→ **Exercise objective**
Using the records below, copy every line that holds the string "hardwood".
** Opening Provided entries block **
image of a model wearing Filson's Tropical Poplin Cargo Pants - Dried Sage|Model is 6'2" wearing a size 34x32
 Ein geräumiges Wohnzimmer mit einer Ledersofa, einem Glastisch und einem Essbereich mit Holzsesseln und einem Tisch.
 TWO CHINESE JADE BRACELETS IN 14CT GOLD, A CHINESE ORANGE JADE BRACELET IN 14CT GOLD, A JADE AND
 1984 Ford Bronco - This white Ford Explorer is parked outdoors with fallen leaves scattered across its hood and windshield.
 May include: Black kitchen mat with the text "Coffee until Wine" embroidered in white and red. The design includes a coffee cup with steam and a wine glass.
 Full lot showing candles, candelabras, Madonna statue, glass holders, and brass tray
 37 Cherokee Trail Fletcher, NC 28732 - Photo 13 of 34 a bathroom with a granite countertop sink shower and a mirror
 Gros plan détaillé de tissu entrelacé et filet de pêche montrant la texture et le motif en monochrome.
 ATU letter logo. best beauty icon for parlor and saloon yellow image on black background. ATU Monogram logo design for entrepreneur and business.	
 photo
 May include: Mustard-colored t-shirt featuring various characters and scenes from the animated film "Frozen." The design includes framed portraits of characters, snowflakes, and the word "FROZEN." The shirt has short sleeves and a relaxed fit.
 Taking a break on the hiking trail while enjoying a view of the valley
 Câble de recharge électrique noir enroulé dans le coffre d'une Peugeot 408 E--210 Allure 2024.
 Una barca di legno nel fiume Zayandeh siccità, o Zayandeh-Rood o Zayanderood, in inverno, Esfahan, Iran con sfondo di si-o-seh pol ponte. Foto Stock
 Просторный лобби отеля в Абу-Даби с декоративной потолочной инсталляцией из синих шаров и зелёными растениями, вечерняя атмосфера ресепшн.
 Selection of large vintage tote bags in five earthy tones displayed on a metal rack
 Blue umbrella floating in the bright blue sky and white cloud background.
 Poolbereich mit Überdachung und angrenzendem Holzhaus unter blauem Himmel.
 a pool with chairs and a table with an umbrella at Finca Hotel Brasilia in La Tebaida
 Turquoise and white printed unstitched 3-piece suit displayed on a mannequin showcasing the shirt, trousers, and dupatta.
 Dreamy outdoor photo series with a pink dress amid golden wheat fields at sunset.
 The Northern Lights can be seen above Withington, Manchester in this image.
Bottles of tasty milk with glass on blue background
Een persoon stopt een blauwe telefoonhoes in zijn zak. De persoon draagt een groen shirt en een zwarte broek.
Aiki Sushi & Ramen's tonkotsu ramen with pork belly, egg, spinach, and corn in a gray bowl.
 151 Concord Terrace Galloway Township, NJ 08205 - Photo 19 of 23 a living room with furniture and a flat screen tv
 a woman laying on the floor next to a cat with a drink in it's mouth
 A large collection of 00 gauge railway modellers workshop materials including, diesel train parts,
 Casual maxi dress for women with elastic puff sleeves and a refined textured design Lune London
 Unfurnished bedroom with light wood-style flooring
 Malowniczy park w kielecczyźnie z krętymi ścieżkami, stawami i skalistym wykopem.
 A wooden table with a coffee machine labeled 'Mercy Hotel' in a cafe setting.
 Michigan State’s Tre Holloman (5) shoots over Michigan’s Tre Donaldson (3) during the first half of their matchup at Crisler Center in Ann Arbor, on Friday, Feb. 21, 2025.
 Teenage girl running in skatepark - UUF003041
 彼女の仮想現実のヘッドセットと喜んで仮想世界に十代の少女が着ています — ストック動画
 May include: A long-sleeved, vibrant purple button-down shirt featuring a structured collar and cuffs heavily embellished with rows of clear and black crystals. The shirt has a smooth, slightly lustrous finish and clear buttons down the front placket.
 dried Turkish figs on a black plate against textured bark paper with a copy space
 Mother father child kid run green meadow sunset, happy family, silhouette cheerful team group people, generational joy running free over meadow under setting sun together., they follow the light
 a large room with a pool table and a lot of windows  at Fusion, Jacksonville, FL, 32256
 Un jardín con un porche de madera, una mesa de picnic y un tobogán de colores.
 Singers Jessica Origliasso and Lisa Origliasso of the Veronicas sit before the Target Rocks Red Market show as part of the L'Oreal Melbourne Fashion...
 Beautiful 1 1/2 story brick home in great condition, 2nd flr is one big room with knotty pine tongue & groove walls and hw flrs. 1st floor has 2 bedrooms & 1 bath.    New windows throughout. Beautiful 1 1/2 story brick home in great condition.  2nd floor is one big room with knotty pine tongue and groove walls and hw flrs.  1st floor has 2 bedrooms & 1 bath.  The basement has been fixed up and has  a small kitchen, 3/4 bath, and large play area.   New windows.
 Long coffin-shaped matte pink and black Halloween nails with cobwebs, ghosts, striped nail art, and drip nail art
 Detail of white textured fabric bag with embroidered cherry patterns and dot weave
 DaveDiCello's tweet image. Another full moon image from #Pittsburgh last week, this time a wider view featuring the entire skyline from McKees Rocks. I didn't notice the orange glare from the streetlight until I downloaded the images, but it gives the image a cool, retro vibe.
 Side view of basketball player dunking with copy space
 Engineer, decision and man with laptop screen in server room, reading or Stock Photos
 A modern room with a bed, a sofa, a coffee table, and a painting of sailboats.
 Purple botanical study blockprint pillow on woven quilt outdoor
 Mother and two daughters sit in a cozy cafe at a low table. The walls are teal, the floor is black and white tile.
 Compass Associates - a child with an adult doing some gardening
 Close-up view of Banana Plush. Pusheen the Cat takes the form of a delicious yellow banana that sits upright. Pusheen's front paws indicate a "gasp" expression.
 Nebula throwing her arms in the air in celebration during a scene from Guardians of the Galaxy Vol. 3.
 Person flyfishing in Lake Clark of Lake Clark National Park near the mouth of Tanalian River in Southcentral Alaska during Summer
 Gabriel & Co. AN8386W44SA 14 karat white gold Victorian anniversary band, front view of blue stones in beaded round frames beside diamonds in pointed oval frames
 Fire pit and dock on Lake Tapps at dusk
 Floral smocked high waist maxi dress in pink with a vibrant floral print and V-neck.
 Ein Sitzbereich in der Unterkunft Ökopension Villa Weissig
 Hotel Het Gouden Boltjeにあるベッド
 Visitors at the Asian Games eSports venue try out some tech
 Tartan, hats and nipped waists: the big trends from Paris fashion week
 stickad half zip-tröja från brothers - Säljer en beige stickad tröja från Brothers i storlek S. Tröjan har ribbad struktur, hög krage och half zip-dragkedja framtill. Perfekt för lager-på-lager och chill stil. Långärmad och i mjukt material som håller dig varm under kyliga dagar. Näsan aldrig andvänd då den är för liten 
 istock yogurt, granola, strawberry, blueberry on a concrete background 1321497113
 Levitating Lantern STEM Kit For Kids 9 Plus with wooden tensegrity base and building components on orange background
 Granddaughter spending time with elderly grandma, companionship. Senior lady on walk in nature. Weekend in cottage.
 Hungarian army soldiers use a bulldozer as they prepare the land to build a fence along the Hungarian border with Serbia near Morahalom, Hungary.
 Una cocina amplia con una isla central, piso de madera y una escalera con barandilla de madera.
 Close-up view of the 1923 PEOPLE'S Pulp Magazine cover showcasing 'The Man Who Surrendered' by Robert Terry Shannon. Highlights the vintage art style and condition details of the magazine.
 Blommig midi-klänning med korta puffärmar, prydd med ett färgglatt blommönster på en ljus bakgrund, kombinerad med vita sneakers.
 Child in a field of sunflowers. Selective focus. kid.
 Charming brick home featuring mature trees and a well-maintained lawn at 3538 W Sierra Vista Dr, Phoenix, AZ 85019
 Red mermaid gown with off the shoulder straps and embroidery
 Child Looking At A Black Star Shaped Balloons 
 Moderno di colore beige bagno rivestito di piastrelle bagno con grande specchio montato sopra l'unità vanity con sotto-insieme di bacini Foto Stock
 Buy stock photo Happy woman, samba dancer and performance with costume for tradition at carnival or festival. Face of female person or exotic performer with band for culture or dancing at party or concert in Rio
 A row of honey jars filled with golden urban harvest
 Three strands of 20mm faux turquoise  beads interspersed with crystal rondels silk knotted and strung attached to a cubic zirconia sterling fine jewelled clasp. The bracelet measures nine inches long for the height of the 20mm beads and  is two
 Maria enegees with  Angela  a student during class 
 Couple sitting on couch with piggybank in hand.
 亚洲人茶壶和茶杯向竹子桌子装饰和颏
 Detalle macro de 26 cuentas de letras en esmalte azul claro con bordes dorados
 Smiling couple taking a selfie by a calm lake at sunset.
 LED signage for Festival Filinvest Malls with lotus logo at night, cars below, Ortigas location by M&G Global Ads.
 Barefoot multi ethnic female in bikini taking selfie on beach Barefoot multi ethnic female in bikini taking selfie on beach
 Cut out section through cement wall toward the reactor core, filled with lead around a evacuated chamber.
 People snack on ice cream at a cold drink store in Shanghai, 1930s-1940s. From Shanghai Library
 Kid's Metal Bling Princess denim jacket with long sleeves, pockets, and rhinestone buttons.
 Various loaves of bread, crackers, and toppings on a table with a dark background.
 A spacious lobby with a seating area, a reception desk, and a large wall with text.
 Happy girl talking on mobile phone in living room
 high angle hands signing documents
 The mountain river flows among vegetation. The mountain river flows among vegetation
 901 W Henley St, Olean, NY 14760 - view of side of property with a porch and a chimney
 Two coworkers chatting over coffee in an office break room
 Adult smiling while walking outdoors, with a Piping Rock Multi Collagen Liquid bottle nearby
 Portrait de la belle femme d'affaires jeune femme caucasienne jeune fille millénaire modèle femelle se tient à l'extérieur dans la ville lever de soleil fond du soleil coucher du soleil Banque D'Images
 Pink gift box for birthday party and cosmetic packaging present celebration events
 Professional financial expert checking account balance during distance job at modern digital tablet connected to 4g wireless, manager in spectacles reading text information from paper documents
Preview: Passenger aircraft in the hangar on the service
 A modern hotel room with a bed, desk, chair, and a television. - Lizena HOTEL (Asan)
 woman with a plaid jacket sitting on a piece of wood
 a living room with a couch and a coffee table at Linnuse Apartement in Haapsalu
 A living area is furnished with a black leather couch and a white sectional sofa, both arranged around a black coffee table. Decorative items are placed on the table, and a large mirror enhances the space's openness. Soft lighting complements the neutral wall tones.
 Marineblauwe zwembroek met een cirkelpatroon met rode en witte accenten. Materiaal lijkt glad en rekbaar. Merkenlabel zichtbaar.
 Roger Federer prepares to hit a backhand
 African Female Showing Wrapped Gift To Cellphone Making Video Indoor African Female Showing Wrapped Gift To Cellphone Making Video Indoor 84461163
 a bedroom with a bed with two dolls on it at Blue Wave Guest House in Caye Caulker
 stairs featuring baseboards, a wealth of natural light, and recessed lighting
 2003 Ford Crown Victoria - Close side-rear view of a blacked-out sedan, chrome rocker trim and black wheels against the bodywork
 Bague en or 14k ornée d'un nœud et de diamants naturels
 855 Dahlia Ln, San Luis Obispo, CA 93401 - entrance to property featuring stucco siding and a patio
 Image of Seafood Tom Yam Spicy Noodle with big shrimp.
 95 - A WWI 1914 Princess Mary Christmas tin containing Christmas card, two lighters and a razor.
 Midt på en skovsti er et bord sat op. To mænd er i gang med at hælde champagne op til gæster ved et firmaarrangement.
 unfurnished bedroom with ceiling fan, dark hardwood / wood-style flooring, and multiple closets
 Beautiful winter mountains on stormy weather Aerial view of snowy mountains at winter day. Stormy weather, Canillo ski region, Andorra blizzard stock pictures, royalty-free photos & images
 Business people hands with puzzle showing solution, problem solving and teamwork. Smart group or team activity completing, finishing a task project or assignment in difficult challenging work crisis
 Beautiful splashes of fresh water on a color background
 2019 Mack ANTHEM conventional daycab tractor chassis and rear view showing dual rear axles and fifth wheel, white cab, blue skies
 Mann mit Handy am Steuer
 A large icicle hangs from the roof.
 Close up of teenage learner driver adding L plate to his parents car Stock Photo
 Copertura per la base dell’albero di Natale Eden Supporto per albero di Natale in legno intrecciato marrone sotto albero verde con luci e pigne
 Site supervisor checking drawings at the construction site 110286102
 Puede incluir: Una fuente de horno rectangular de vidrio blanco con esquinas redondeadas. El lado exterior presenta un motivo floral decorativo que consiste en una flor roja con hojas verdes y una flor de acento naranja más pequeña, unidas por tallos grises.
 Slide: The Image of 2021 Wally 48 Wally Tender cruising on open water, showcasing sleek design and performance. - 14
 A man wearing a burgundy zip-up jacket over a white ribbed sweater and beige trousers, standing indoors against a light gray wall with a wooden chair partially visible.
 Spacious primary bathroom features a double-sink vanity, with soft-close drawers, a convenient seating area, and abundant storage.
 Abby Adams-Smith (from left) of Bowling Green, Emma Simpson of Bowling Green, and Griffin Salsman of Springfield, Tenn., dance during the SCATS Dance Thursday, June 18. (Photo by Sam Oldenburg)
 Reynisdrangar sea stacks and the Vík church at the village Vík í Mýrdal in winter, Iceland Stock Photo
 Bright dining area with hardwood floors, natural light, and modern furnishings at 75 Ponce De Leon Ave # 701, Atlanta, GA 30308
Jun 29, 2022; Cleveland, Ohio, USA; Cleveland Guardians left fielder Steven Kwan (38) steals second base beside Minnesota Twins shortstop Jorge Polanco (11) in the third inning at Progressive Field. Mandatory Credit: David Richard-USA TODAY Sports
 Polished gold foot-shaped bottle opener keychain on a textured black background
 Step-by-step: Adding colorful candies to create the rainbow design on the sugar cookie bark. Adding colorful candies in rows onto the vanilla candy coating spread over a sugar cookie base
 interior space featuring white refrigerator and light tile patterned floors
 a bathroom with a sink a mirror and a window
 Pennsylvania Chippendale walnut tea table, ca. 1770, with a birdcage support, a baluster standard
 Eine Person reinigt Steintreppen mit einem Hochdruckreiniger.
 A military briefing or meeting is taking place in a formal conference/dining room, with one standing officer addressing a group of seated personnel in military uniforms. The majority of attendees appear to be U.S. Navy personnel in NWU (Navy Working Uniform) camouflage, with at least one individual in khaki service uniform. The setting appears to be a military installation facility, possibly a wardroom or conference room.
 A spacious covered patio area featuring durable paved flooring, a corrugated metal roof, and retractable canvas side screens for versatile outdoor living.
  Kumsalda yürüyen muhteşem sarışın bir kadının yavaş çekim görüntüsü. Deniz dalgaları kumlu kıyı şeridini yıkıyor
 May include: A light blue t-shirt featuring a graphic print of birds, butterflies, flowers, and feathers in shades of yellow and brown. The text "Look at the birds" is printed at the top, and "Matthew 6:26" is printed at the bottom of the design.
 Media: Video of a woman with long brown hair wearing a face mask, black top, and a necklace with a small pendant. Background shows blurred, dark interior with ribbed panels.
** Closing Provided entries block **
→ **Reply**
 unfurnished bedroom with ceiling fan, dark hardwood / wood-style flooring, and multiple closets
 Bright dining area with hardwood floors, natural light, and modern furnishings at 75 Ponce De Leon Ave # 701, Atlanta, GA 30308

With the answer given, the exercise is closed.